Augsburger Allgemeine (Land Nord)
Stifterkultur ist in Deutschland verloren gegangen
Jakob Fuggers Tat, eine Sozialsiedlung zu gründen, leuchtet durch die Geschichte. Heute steht im Grundgesetz, dass Eigentum verpflichtet: Aber wozu?
Eigentum verpflichtet, heißt es im Grundgesetz. Ein wunderbarer Satz, ein wunderbarer Gedanke wie aus einer anderen Zeit. Nur folgen daraus leider keine weiteren gesetzlichen Regelungen, weshalb Eigentum erst einmal Eigentum in Deutschland ist, mit dem jeder verfahren kann, wie er will, so er keine Gesetze übertritt. Es verpflichtet tatsächlich zu nichts.

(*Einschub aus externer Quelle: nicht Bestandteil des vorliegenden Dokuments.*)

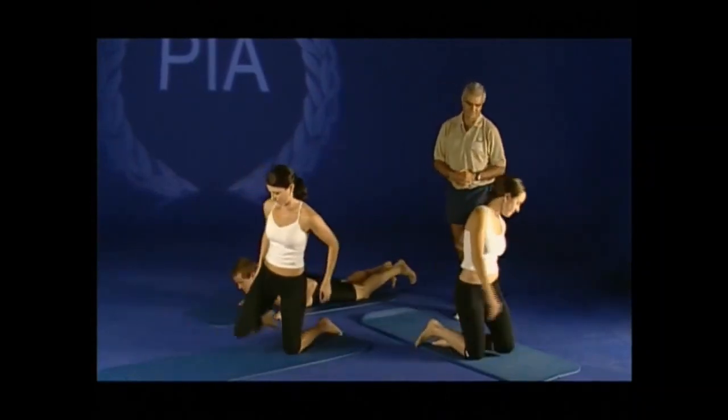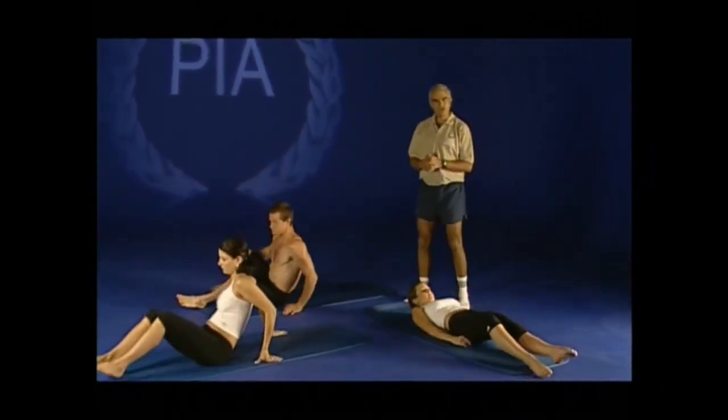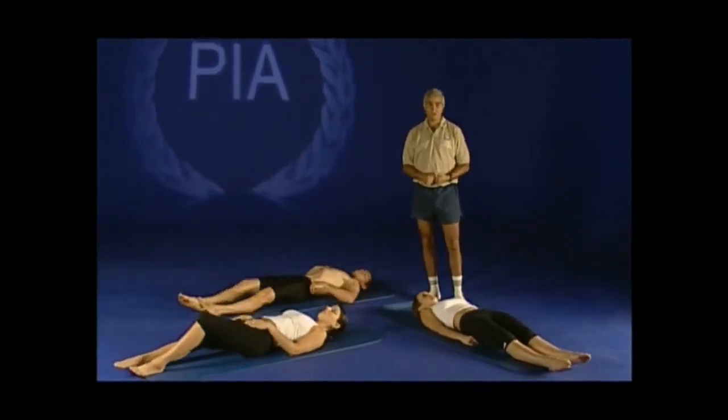Lying on your back for preparation. This is preparation for the hundreds. It's a core muscle strengthener for your lower abdominals.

Was das sein könnte, zu was Eigentum, zu was Reichtum verpflichten könnte, das zeigt auf wunderbare Weise das Beispiel Jakob Fuggers. Vor 500 Jahren war er so reich, wie heute Jeff Bezos und Bill Gates nicht einmal zusammen sind. Mehr ging nicht. Was von Fugger geblieben ist und weshalb man diesen Familiennamen auch heute noch kennt, hat allerdings einen anderen Grund: Fugger war nicht nur schwerreich, sondern auch ein großer Stifter. Vor allem anderen und weithin bekannt ist die Fuggerei, die älteste Sozialsiedlung der Welt, die dank der starken Familientradition noch immer in Fuggerhand ihr 500-jähriges Bestehen feiern kann. Damit sind die Fugger ein leuchtendes Beispiel für eine Kultur des Stiftens, die es in Deutschland einmal gab.

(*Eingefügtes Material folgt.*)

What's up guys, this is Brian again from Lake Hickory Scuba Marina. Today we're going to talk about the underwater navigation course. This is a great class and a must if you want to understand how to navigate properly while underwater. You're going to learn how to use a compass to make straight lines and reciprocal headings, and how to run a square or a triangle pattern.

Was historisch bleibt und für den langen Ruhm der Familie gesorgt hat, war nicht das Geld, das sie einmal besaß, sondern diese Stiftertat und die daraus entstehende Tradition. Und natürlich hat Jakob Fugger damals nicht nur selbstlos gehandelt, natürlich glaubte er, dass die Gebete, die die Bewohner der Fuggerei für ihn täglich sprechen mussten, seinem Seelenwohl in den himmlischen Gefilden dienten. Die Fuggerei war in gewissem Sinn auch ein Geschäft, aber ein vor allem für die Bedürftigen gewinnbringendes.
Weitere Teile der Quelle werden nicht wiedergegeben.